Set down each entry exactly as given; pictures should not appear in the copy.

Data records:
=-=-=-=-=
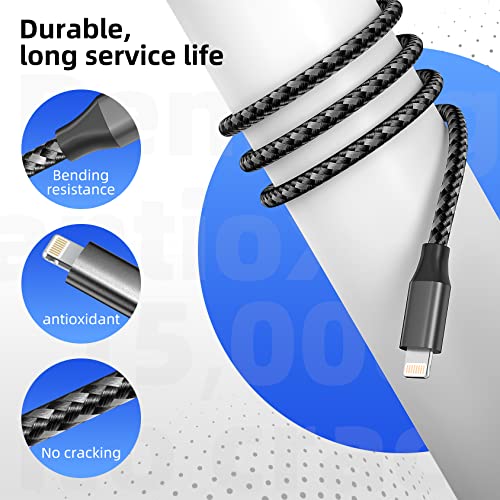 Iphone Charger 4 Pack 6 Ft Mfi Certified Lightning Cable Nylon Braided Cable Iphone Charger Fast Charging Cord Compatible With Iphone 14 13 12 11 Pro Max Xr Xs X 8 7 6 Plus And More #TOP2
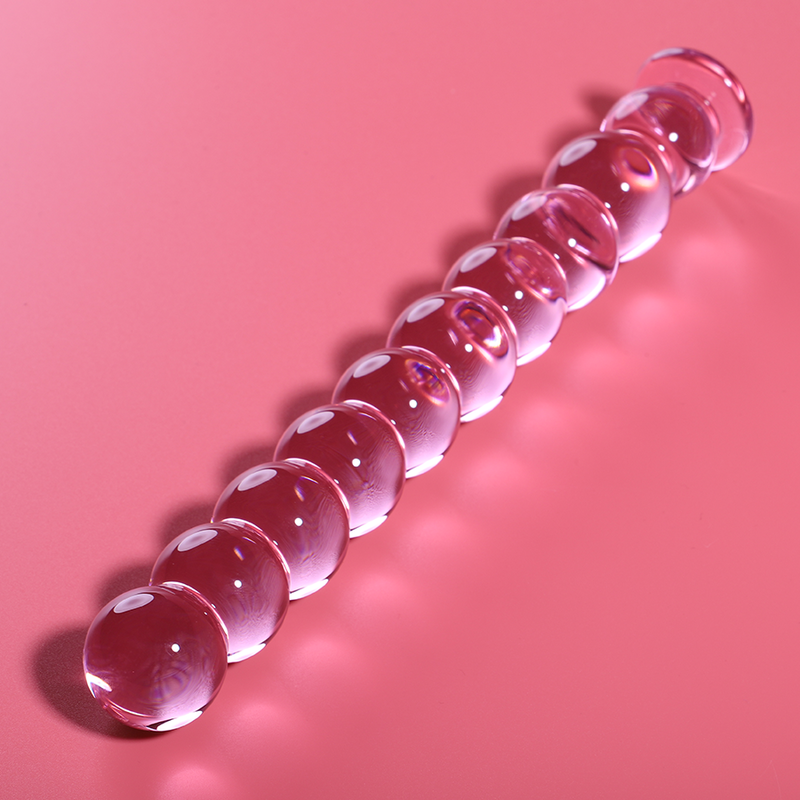 NEBULA SERIES BY IBIZA - MODEL 22 TRANSPARENT BOROSILICATE GLASS DILDO 21.5 CM -OR- 2.5 CM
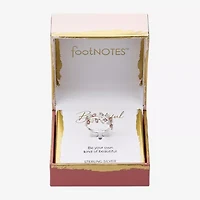 Footnotes Beautiful Womens Cubic Zirconia Sterling Silver Bypass  Band
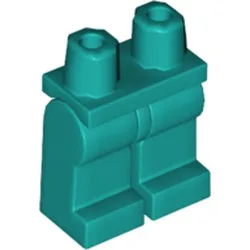 Hips  and Legs Plain / Dark Turquoise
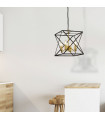 Hexa pendant Mild steel Black 4 bulbs 34.5cm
=-=-=-=-=
Output for this task:
 Iphone Charger 4 Pack 6 Ft Mfi Certified Lightning Cable Nylon Braided Cable Iphone Charger Fast Charging Cord Compatible With Iphone 14 13 12 11 Pro Max Xr Xs X 8 7 6 Plus And More #TOP2
 NEBULA SERIES BY IBIZA - MODEL 22 TRANSPARENT BOROSILICATE GLASS DILDO 21.5 CM -OR- 2.5 CM
 Footnotes Beautiful Womens Cubic Zirconia Sterling Silver Bypass  Band
 Hips  and Legs Plain / Dark Turquoise
 Hexa pendant Mild steel Black 4 bulbs 34.5cm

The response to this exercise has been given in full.